Africa-Press – Zimbabwe. When her 19-year-old daughter boarded a flight to Russia last year, Ulita Semende of Harare believed she was watching her child soar toward a brighter future.
Now, she fears she sent her into captivity.
“We hardly speak these days,” Semende said, her voice breaking. “The last time she called on WhatsApp—back in May—she sounded rushed, afraid. I am beginning to believe the stories about the girls manufacturing drones because she is so secretive. She will not tell me about her job, or her studies.”
Semende’s daughter is one of a growing number of young Zimbabwean women believed to have been recruited by Russia’s “Alabuga Start” initiative. Advertised as a training and entrepreneurship programme, it has been linked to drone production for the war in Ukraine at the Alabuga Special Economic Zone, over 1,000 kilometres east of Moscow.
What began as a promise of opportunity has curdled into a transnational nightmare, ensnaring hundreds of young women from across Africa, including South Africa, Uganda, and Nigeria. Recruited through social media influencers, student groups, and sometimes even government-linked figures, they are now at the centre of a growing scandal.
While South Africa and Uganda have launched official investigations and suspended their participation, the Zimbabwean government’s response has been marked by silence, leaving families in agonising limbo.
At a post-cabinet briefing on Tuesday, Information Minister Jenfan Muswere said the government had not yet discussed the issue. “Unfortunately what you asked wasn’t discussed in today’s briefing,” he stated. “We will take it into consideration in our next meeting.”
Deputy Information Minister Omphile Marupi echoed this, telling NewsDay, “We have not heard any reports from the embassy on the exploitation of women… but investigations are ongoing.”

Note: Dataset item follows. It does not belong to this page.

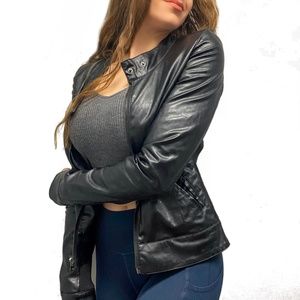 Vintage Point-Zero Laced Back Faux Leather Jacket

For families like Sositina Mukatwa’s, that official silence is unbearable. “I am living in fear because the government is mum,” said the 43-year-old from Chivhu. Her daughter left in 2023, mentioning only a scholarship. Since then, communication has been sporadic and strained.
“She has only called thrice to say she is fine, but I could sense she was not free to talk,” Mukatwa explained. “The last time, she sounded drunk and hinted she had been laid off. Later, she sent US$200 and insisted she was ‘back at work,’ but refused to say what she was doing.”

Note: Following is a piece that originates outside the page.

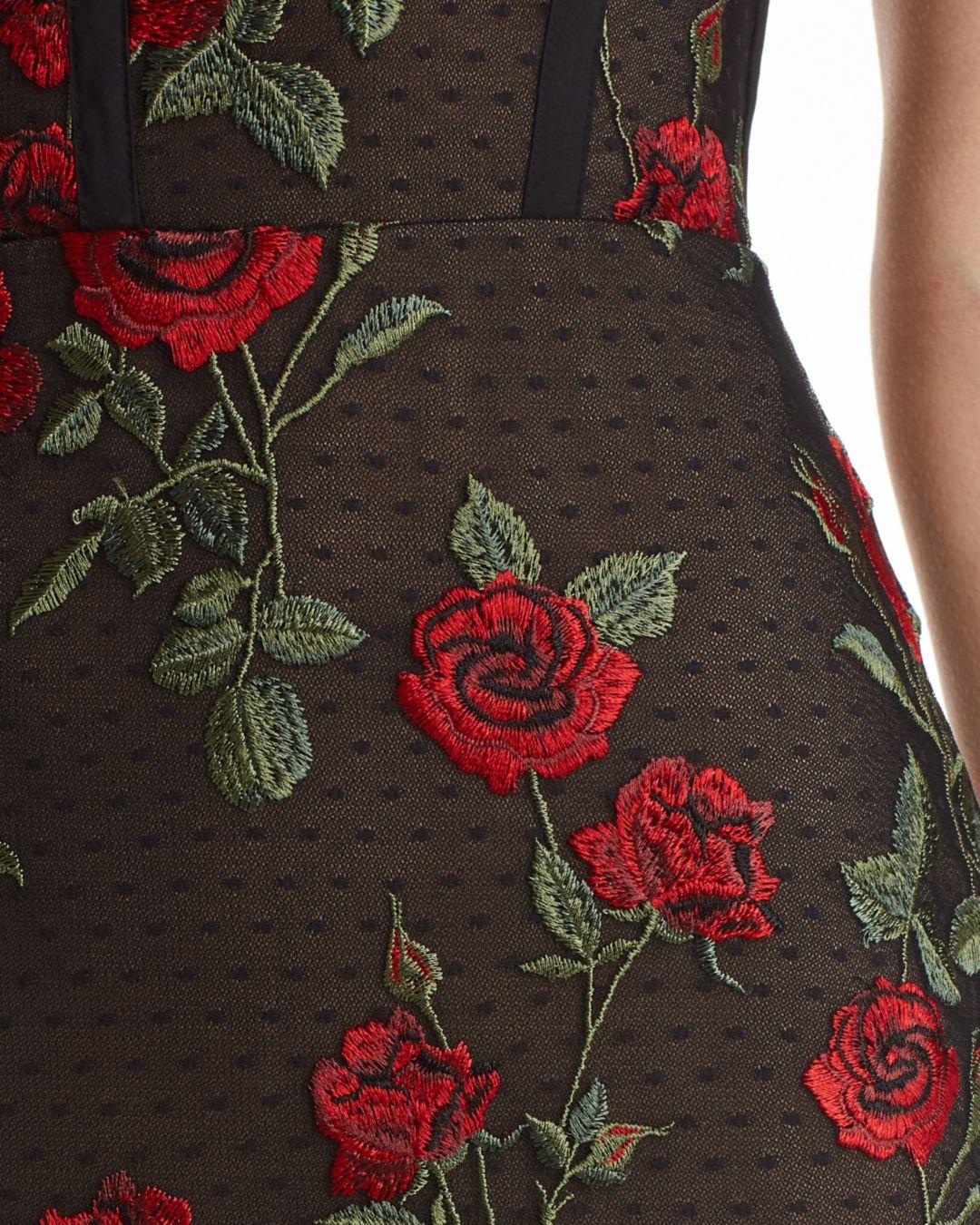 bcbg floral embroidered dress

In a Harare suburb, 55-year-old Ruzvidzo Masambaasiyana carries a similar burden of guilt. He secured the opportunity for his daughter through a friend in government. “When she left, I felt my connection to those in higher offices had finally paid off,” he recalls.
That confidence has since shattered. “I was not worried until I saw the news—that they are manufacturing drones used in the war. I tried to talk to her about it in April, but she brushed me aside. I feel like I sold my daughter into slavery.”

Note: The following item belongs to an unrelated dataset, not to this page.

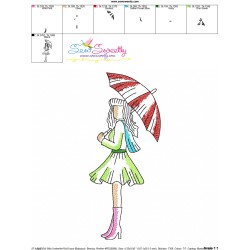 Embroidery Design Pattern - Girl With Umbrella-6-3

A Crisis Forged in Poverty
Prominent human rights advocate Effie Ncube argues the crisis is rooted in Africa’s pervasive poverty and inequality. “It’s not surprising that we are seeing people being dragged into the Ukraine-Russian conflict,” he said. “It’s something that should concern every government in the African continent and beyond.”
He stressed that Zimbabwe must work with its regional partners on a coordinated response. “That means mobilising within the SADC region and mobilising within the African Union because we are interconnected.”
Bulawayo-based gender activist Thando Gwiji says desperation has made Zimbabwe’s youth easy prey. “Until poverty is fixed, young people will volunteer to be enslaved and fed rather than be free and hungry,” she stated. “Moreover, women’s rights remain severely underfunded, which makes young women easy targets for trafficking schemes disguised as opportunities.”
Academic Mehluli Nyathi warns the issue goes beyond simple deception. “This is not soft diplomacy; it’s economic coercion. African governments are being drawn into military-industrial arrangements under the guise of student training.”
A Call for Action
Linda Masarira, president of the LEAD party, has called for concrete steps: tightening exit controls for minors, licensing overseas recruiters, and compelling social media platforms to remove deceptive ads.
“Finally, we must align enforcement with our Trafficking in Persons law and work with the AU and SADC to mount a joint task force because this problem is regional in scale,” Masarira said. “Anything less signals impunity to those profiting from our daughters’ vulnerability.”
For now, families are left with only echoes. The voices of their daughters, once familiar and close, now sound distant, hurried, and haunted by an unseen war.
“I don’t know where to turn,” Ulita Semende says quietly, her hope fading with each passing day. “I just want my daughter home.”